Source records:
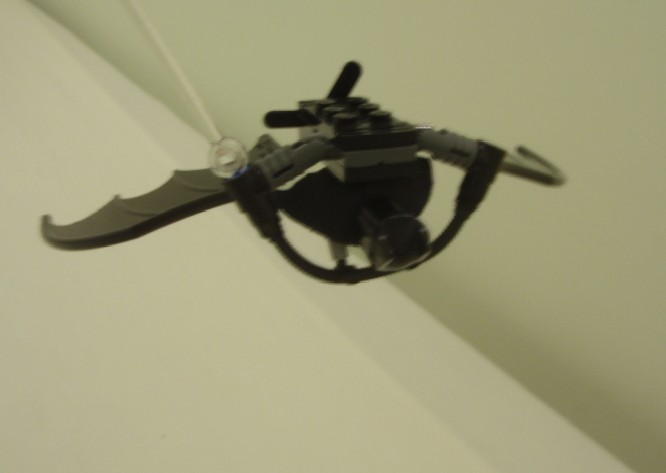 batman_hang-glider_in_flight_2.jpg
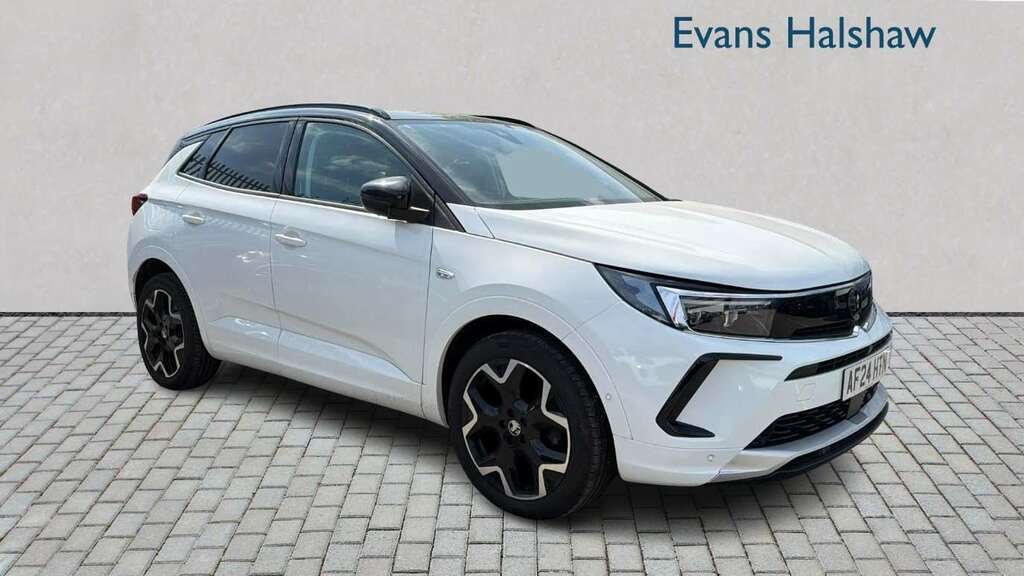Vauxhall Grandland 1.2 Turbo Ultimate 2024 White #3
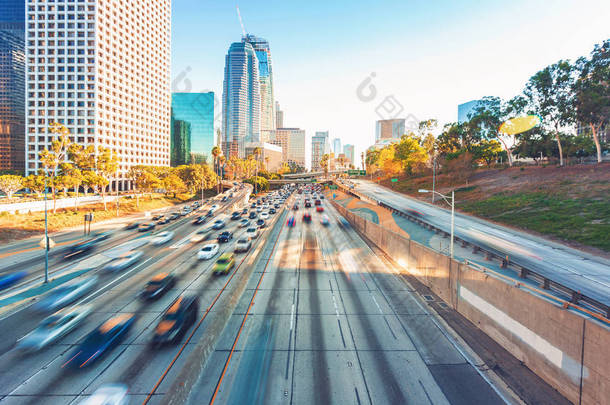 洛杉矶公路交通高峰的视图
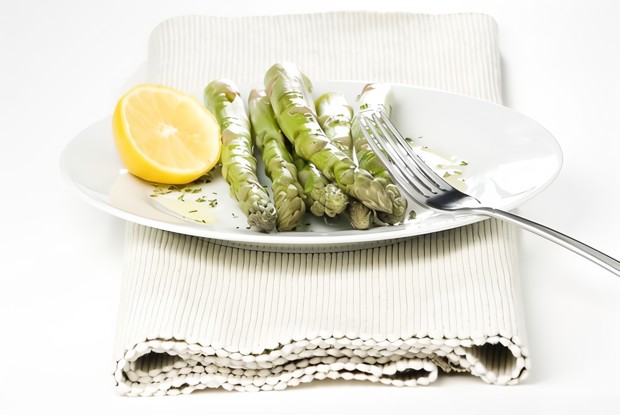 Жареная спаржа с лимонами и орегано
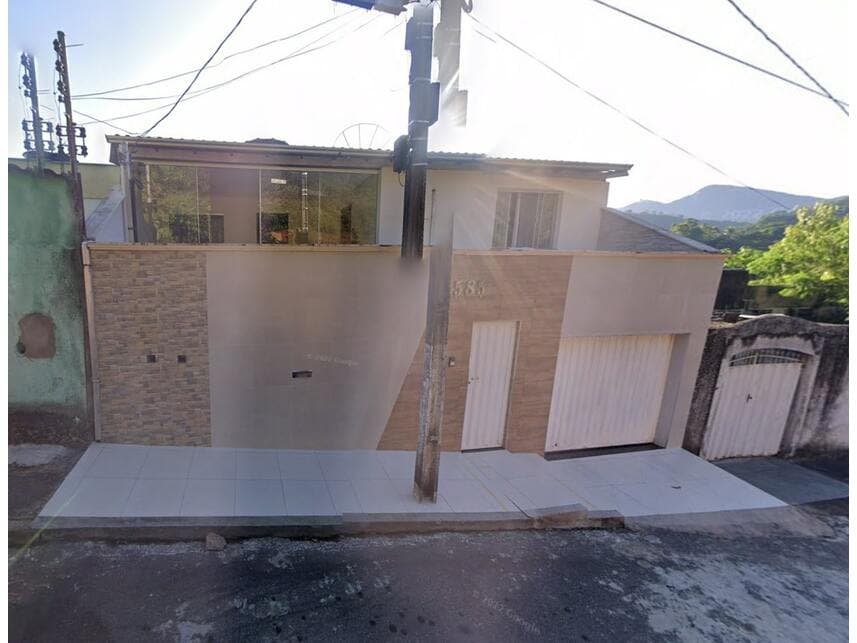 Casa em leilão em Coronel Fabriciano - MG — Casa à venda em leilão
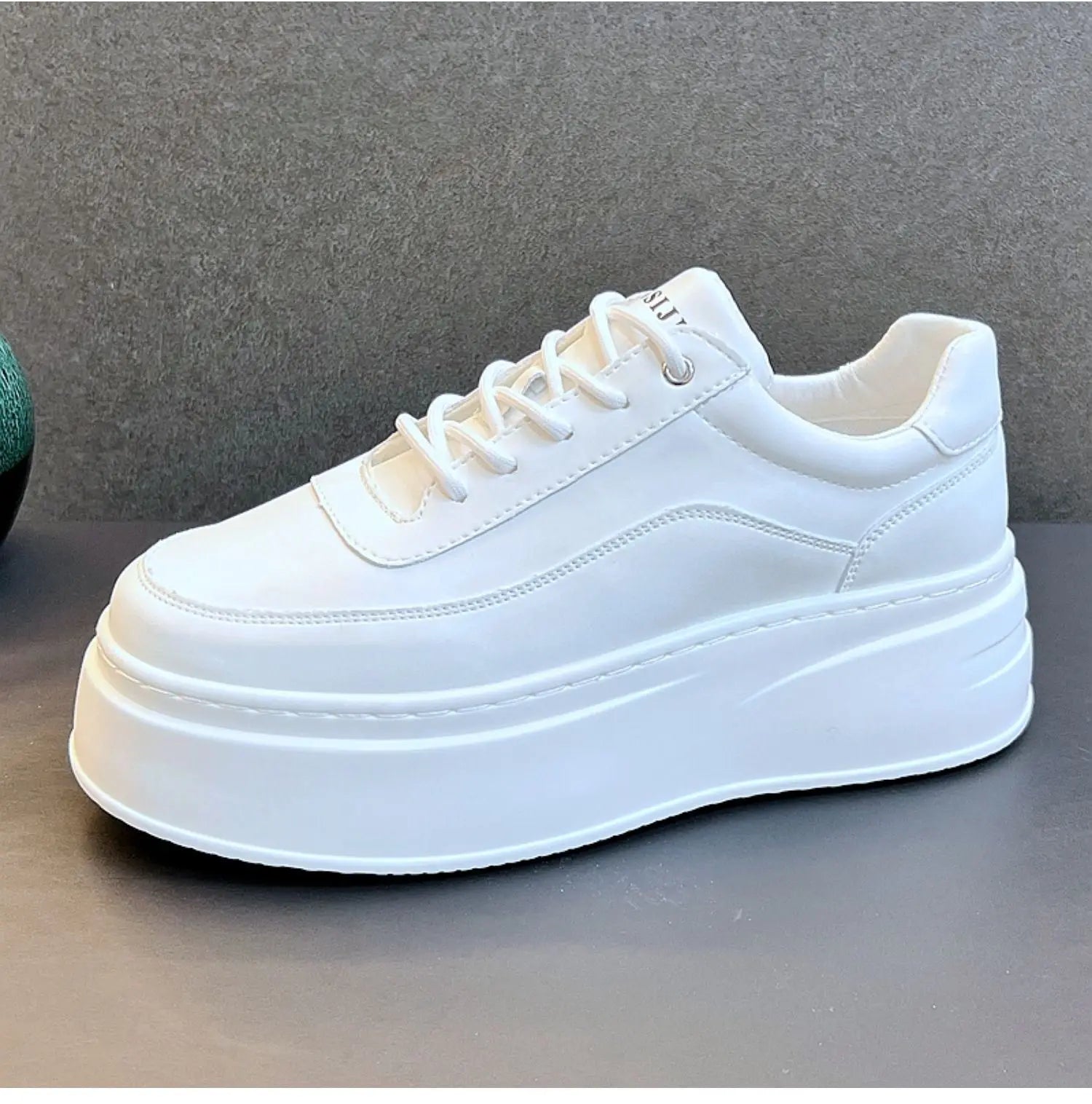 TENNIS BLANC GROS TALON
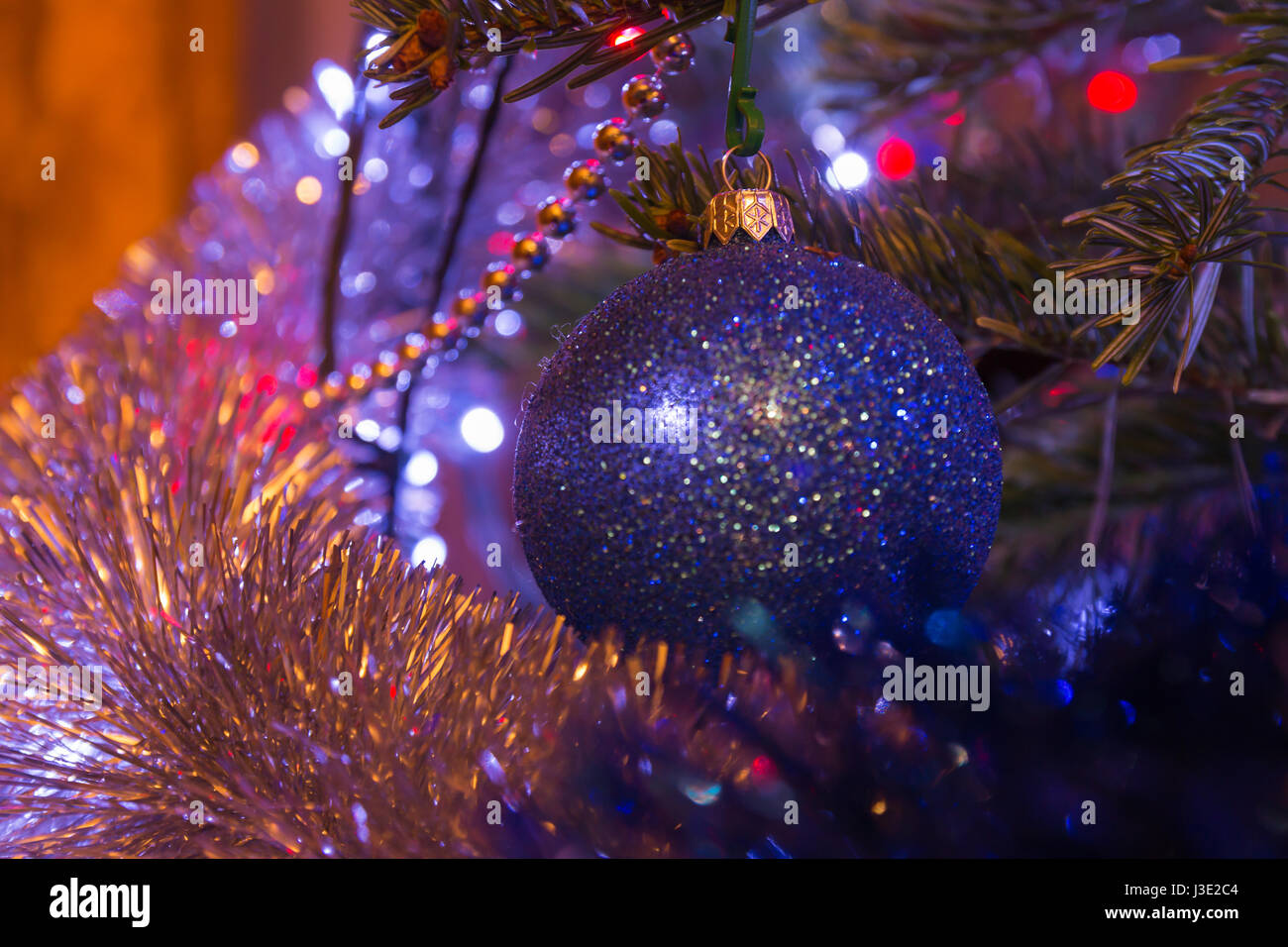 Blaue Kugel auf einem Weihnachtsbaum Stockfoto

To do: Restate each line above exactly, keeping pictures out.

Response below:
 batman_hang-glider_in_flight_2.jpg
Vauxhall Grandland 1.2 Turbo Ultimate 2024 White #3
 洛杉矶公路交通高峰的视图
 Жареная спаржа с лимонами и орегано
 Casa em leilão em Coronel Fabriciano - MG — Casa à venda em leilão
 TENNIS BLANC GROS TALON
 Blaue Kugel auf einem Weihnachtsbaum Stockfoto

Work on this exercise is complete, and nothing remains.